Charles Darwin, a guy who thought he figured out the origin of life. Apparently, life itself, along with every living organism on the planet originated from one molecule of organic material, created under virtually impossible conditions and circumstances (Scientists have attempted to replicate the ideal conditions for this to happen numerous times, and have failed). He also believed that all humans came from mindless apes, and he tried to use finches on the Galopogas Islands to somehow prove that evolution took place on an incredibly massive scale... using only birds. Frankly his thinking just does not make sense, but despite many great minds in science admitting that Darwin's theory does not add up, it has become the accepted explanation for life itself. What is worse is that it is absolutely impossible to convince Darwinists otherwise. They firmly believe that the theory they worship so much is bulletproof, and will reject any evidence against it. Professors from various universities and event he Smithsonian have been fired for presenting evidence for, or even simply mentioning the possibility of intelligent design in published papers.
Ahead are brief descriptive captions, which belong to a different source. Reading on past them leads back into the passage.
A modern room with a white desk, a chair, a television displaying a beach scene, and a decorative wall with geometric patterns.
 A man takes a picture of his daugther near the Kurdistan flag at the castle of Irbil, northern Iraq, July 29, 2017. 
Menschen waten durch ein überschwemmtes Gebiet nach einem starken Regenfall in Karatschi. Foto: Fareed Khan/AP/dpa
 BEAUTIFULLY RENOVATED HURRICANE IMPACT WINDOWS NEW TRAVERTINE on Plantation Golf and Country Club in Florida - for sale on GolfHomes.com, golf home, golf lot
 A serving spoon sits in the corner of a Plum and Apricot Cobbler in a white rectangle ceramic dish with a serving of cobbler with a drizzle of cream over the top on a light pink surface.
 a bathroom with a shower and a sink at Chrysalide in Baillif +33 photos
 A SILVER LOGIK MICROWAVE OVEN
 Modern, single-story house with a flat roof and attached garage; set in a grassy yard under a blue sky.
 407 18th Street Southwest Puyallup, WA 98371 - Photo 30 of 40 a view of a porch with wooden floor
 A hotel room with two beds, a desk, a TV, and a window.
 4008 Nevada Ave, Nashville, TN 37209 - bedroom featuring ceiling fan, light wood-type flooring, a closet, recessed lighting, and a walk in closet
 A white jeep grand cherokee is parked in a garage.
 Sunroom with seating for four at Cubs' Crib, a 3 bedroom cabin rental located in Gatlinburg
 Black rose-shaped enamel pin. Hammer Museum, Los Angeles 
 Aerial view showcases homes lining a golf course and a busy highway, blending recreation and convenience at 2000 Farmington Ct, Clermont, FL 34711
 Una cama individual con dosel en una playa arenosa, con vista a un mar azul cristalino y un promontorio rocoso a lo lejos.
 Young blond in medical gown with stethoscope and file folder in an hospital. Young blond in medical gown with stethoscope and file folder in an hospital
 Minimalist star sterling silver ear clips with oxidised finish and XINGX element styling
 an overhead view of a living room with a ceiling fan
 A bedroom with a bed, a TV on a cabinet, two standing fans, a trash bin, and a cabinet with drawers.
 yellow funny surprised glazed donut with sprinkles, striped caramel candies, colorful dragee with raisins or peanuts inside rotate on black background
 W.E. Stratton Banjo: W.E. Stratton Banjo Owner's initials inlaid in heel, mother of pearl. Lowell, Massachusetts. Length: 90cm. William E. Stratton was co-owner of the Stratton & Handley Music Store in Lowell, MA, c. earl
Darwinists ruthlessly bash Christians, reject any opposition to Darwin's theory and insist that evidence is only a coincidence, and use their power, influence, and downright arrogance to protect a theory that has been falling apart for years. That's a fine example of freedom of speech and freedom of inquiry isn't it?

Dad: See those monkeys kids? Millions of years ago, you would have looked like that!

Kid: You really believe that?

Dad: I believe what Darwin says because I'm not allowed to believe otherwise!